How do you say ‘Not too short’ in another language? At the hairdresser in a foreign country

For women who travel a lot or live overseas, one of the biggest challenges is finding a good hairdresser. They need to speak your language so English is essential. That’s the only way to guarantee you’ll get a perfect cut, or is it?
After several years travelling in different countries I was based in Portugal and could ignore my hair no longer. It had finally grown out after three disastrous haircuts. The first was in Australia, the land of my birth and place of my mother tongue. The second was in Turkey where I lived for ten years. I went to the same hairdresser I’d been seeing, as though it were an affair, for five years. We always spoke in Turkish and until that last cut, I had nothing but perfection from him. I suffered the third cut in the tourist centre of Bangkok, at a salon where everything was written in near perfect English. On each occasion I walked out with a style nothing what like I asked for and far too short. With the weight of my hair removed its natural body pulls it up above my ears and unless I smile, I look like an extremely threatening prison guard. I was worried about a repeat in Lisbon but my hair was down around my shoulders and made me look like I was sporting a discarded bird’s nest on my head.

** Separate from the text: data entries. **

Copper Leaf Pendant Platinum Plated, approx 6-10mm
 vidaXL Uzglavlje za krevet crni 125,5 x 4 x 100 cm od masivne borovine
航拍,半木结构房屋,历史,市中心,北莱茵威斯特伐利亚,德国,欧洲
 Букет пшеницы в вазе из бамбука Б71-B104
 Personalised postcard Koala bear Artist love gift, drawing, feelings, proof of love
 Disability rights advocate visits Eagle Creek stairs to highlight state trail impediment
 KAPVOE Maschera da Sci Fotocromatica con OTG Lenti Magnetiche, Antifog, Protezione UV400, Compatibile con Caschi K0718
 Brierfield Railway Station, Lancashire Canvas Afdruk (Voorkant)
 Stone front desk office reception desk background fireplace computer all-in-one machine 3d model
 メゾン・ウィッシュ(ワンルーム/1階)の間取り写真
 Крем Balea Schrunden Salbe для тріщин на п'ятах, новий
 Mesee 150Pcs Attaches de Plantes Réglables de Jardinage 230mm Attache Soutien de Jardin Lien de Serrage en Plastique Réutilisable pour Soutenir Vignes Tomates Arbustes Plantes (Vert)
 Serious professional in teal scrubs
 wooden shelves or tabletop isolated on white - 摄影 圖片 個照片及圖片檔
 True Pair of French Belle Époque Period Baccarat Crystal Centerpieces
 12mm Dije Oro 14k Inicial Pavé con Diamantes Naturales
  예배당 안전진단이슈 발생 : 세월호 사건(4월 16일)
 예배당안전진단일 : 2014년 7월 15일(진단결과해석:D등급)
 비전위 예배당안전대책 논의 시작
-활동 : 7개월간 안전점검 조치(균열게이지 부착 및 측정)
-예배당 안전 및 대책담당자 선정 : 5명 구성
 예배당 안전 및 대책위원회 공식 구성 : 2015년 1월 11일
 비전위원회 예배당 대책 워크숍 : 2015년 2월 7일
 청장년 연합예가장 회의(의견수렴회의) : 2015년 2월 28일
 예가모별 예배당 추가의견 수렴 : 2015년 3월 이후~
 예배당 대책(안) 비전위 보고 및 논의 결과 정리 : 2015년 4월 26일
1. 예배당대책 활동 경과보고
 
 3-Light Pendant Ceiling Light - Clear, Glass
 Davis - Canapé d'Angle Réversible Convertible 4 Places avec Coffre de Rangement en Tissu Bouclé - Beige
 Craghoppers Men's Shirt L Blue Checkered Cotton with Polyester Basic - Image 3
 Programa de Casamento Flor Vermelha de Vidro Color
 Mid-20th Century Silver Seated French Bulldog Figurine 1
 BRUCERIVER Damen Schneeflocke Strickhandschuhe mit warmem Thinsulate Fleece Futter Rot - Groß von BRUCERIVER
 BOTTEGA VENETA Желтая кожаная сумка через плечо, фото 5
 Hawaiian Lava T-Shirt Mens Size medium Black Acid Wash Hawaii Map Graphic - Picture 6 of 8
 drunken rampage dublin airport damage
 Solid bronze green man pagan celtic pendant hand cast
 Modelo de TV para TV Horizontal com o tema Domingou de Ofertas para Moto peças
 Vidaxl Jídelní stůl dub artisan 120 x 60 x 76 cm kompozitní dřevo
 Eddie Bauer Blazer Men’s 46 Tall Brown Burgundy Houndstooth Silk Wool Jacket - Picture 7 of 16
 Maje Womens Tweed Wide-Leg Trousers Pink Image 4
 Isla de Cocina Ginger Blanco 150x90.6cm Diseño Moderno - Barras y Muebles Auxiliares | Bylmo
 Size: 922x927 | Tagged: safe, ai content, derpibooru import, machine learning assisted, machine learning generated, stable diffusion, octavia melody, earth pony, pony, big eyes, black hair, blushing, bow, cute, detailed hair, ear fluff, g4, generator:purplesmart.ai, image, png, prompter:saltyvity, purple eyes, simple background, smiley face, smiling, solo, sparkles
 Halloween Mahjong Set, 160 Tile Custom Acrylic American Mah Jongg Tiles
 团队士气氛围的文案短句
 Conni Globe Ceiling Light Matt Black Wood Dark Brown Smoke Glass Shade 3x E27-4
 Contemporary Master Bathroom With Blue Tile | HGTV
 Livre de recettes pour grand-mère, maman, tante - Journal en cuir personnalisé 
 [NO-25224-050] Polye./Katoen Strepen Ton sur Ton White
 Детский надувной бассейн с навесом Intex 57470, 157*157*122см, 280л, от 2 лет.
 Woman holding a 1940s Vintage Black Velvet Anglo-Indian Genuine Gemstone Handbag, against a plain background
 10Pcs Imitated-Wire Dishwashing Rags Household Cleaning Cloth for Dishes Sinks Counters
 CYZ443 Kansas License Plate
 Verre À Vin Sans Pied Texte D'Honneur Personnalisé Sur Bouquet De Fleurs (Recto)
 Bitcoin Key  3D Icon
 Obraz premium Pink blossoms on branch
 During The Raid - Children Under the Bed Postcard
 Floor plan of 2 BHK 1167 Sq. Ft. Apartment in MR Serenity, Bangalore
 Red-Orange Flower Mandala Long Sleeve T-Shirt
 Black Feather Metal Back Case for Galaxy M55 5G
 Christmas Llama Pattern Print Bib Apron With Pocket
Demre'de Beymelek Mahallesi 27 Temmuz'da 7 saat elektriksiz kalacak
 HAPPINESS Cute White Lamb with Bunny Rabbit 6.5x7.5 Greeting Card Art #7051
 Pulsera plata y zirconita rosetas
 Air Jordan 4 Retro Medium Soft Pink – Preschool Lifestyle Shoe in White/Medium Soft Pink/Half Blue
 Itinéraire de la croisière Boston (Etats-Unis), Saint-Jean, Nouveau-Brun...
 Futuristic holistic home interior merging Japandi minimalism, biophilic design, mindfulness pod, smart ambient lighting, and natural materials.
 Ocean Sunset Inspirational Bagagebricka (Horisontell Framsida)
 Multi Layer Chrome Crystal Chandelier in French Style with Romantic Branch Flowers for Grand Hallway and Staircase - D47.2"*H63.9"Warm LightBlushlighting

I prepared myself just as I did in Turkey until my command of the language improved, by listing all the necessary vocabulary in my best hand-writing. That way I knew I’d be able to explain what I wanted even if no one could understand my pronunciation. I wanted the whole package, a lavar (wash), corte (cut) and brushing (blow dry) as well as have my sobrancelha (eyebrows) tidied and my lãbio superior, that’s upper lip to you, done.
I headed for Anjos, not far from the city centre, where I’d noticed a salon advertising threading. I always had my eyebrows threaded in Turkey and I really liked the result, if not the pain. I found the place easily enough but they were busy until late afternoon. I continued down the long street, stopping in every salon I saw, but I got all the way back into downtown Lisbon without finding one not booked up until late in the day. Wistfully rubbing my upper lip I decided to head home and leave it for another time.
Alighting at my usual bus stop in Graça, I saw a small salon I’d never noticed before. Inside a dimly lit room last decorated in the early 1980s Dallas/Dynasty style, two hairdressers were working on clients watched by two women waiting their turn. Luckily for me the beautician, a tiny older woman wearing a wrap-around apron like a 1950s housewife, was free. She only came up to my shoulder so had no trouble passing through the low medieval doorway into another below ground level cavern, but I had to duck. As with many places in Lisbon there was no central heating and it was too cold to take off my coat
Despite the shabbiness of the place she did a good job, so I decided to ask the hairdresser the cost of a wash, cut and blow dry. She tapped out the figures on a calculator after carefully consulting a list I couldn’t quite read. The figure on the calculator was staggeringly high and I did a double take. I asked the price again, carefully enunciating my words, but the decimal point didn’t move*.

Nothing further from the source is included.